The A/V Room: December

Video time, and no, don't worry - we're not going to inject your usual dose of quality music videos with some sort of Christmas related nonsense, just all the recent clips that are worth your peepers, and hey, they may just be some of the best this year.
Enjoy:

Fleet Foxes - The Shrine/An Argument (dir: Sean Pecknold)
One of the best tracks from one of the best albums of the year deserves not a good video, but one of the best. Sean (brother of band leader Robin) Pecknold delivers just that, in a beautifully rendered showcase of handcrafted animation with a mysterious, rustic atmosphere and rich, enigmatic characters. The visual matches to the soundtrack are brilliant and the lasting impact is that you've just beared witness to a stunning piece of art. Ladies and gentlemen, perhaps the most artsy video of the year. 

Alpine - Hands (dir: Luci Schroder) NSFW
Already a staple of their live set, Hands is now the wonderful Melbourne band's lead single for their forthcoming debut. They've delivered impressively spooky drama before with Villages, but their latest ratchets up the sexual tension in a Lolita party of eating, licking and kooking out in a totally NSFW vid that's as sexy as it is creepy. It's scary hot stuff.

Beyoncé - Countdown (dir: Adria Petty)
DAYUM!*
*this video is just pop incarnate. It takes a surface of cool retro chic - with B flaunting a rotating wardrobe of outfits each more amazing than the last - then mixes it with some distinctly modern editing and visual trickery for a huge visual impact. Then there's some ace choereography that matches the track itself, a definite club upper of drum machines and dancehall swagger. Then a (may I remind you pregant) Beyoncé injecting the video with a pure sense of fun, not least because she herself looks like she's having buckets of it.
 It's all so flashy and impressive that it encourages multiple viewings too, Single Ladies may just have found the yin to its yang. Oh... and it's directed by Tom Petty's daughter. Boom.

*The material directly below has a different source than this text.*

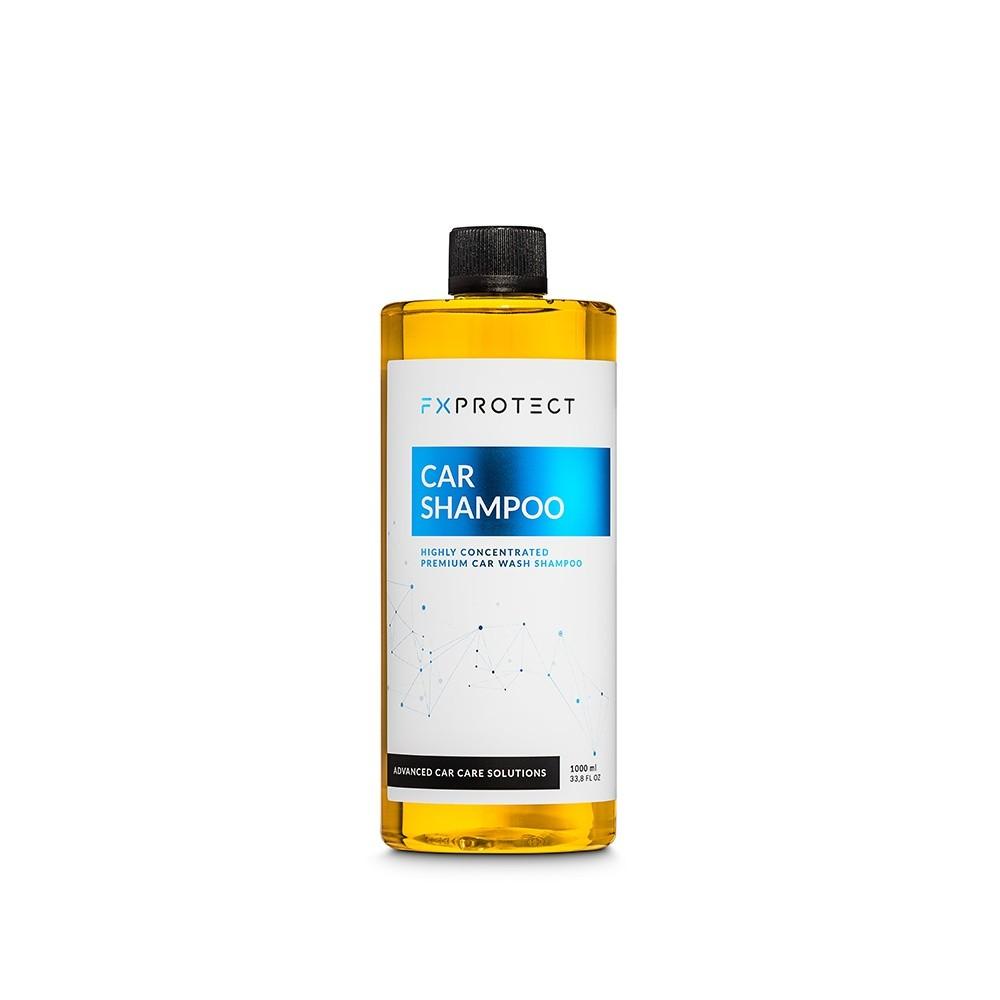 FX Protect Car Shampoo 1000 ml 1/2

M83 - Midnight City (dir: Fleur & Manu)
As M83, Anthony Gonazales delivers eighties mini-epics, so it's only fair that the visual match to his synth-driven melodrama takes its influence from the same decade. Just your everyday narrative of psychic-powered kids, its influence made pretty clear by the accompnaying press statement: "This video is a tribute to Village of the Damned, Close Encounters of the Third Kind and other Akiras" That's three checked boxes in my film buff handbook! The finishing touch is neat too, a credits splash that mimics a movie poster,  as that delectable sax solo blares us to black.